- Opening Delimiter -

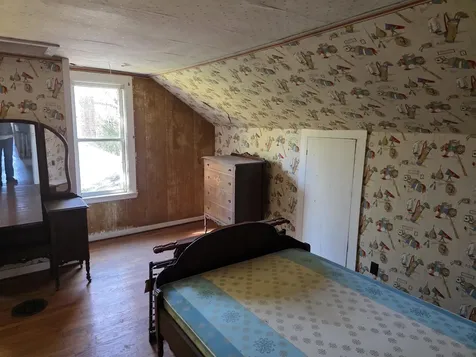 29 Middle Seymour Street Middlebury VT 05753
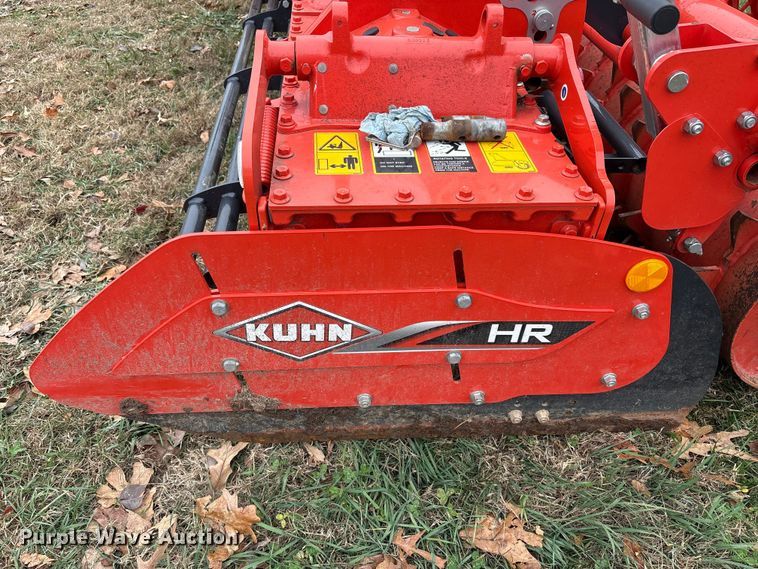 image for item DT4625 Kuhn HR4530 power harrow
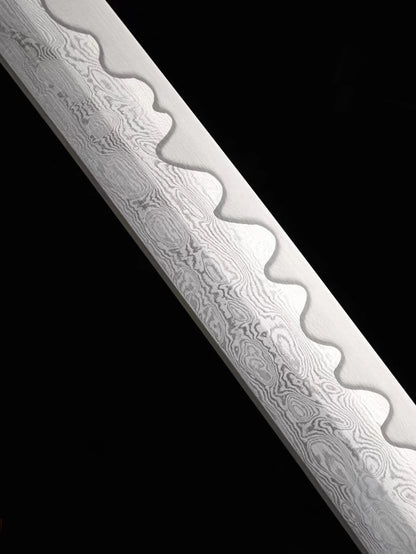 ”One thought“ 40-inch katana forge folded steel Clay Tempered,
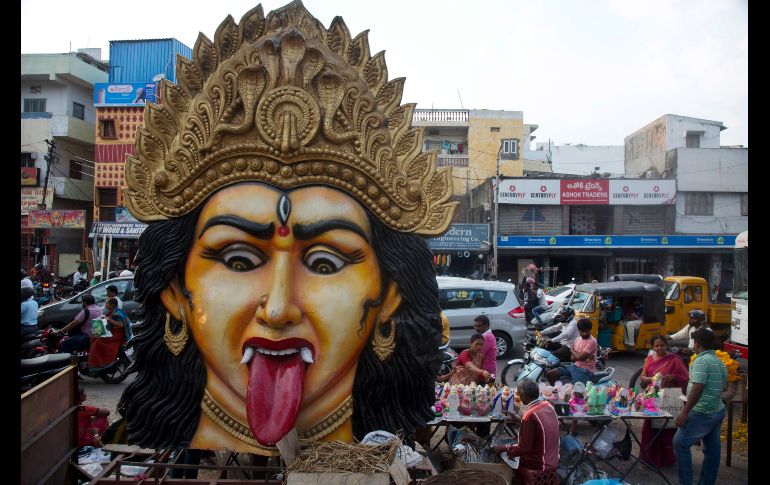 Ídolos de la diosa hindú Lakshmi se venden en un mercado callejero en Hyderabad, India, previo al festival 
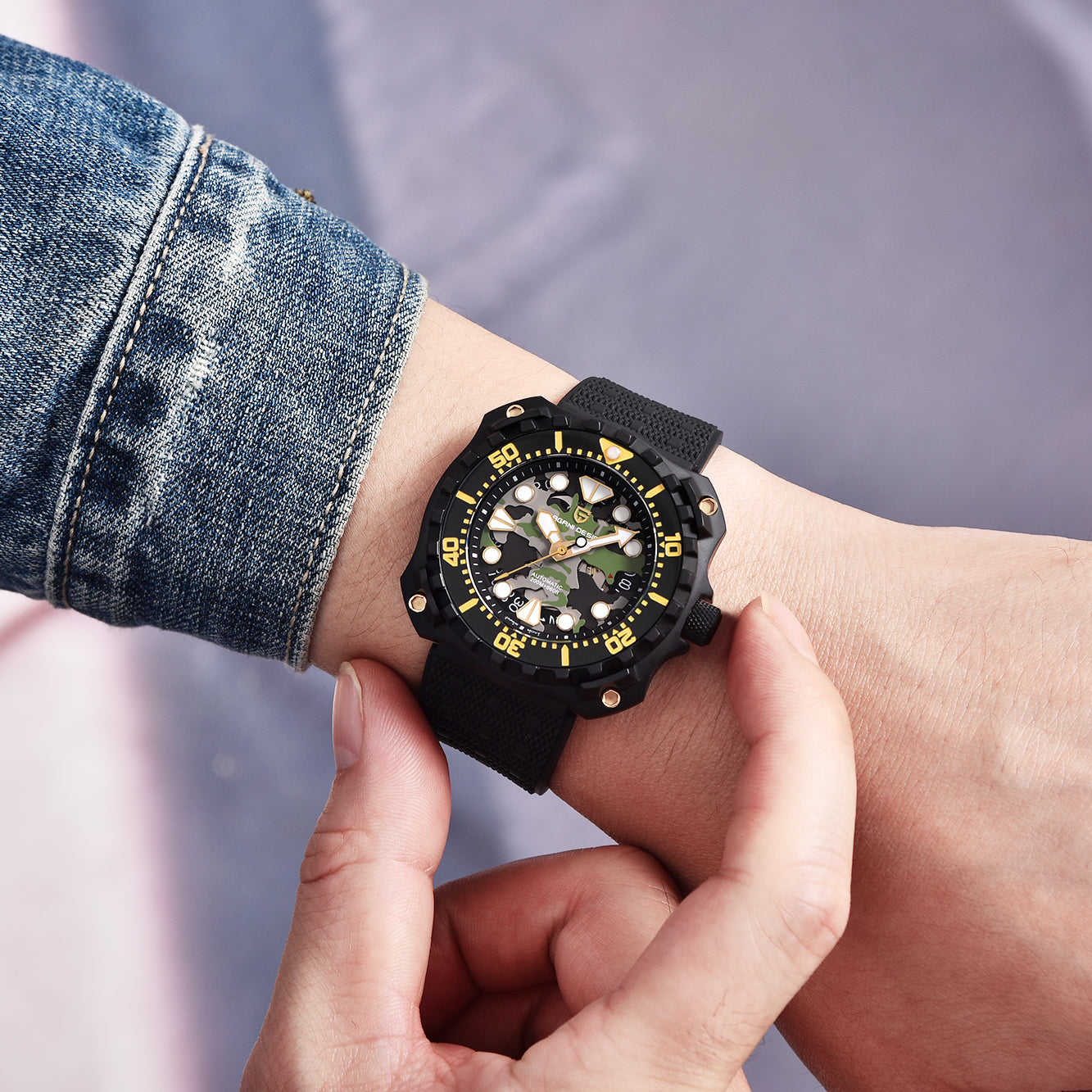 Skeleton Automatic Dive Watch 200M — NH35 Movement, Sapphire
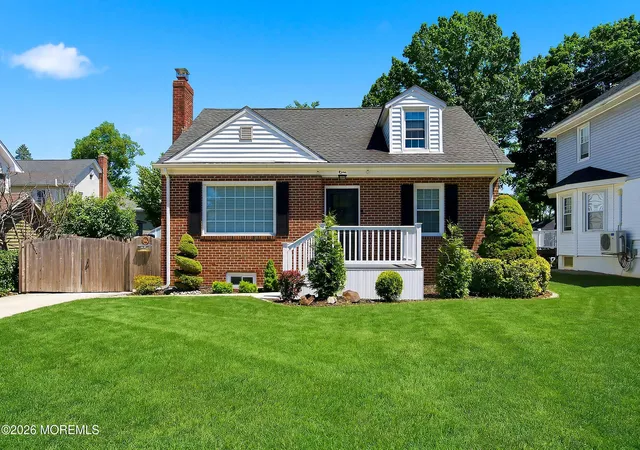 Homes for sale in Freehold, NJ | 1 Cottage Pl, Freehold, NJ 07728 | MLS# 22619302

- Closing Delimiter -

→ What you should do
Where the line holding "image for item" appears, start copying, and continue exactly through the last line of the listing, both ends included, skipping the pictures.

→ Solution for this task
 image for item DT4625 Kuhn HR4530 power harrow
 ”One thought“ 40-inch katana forge folded steel Clay Tempered,
 Ídolos de la diosa hindú Lakshmi se venden en un mercado callejero en Hyderabad, India, previo al festival 
 Skeleton Automatic Dive Watch 200M — NH35 Movement, Sapphire
 Homes for sale in Freehold, NJ | 1 Cottage Pl, Freehold, NJ 07728 | MLS# 22619302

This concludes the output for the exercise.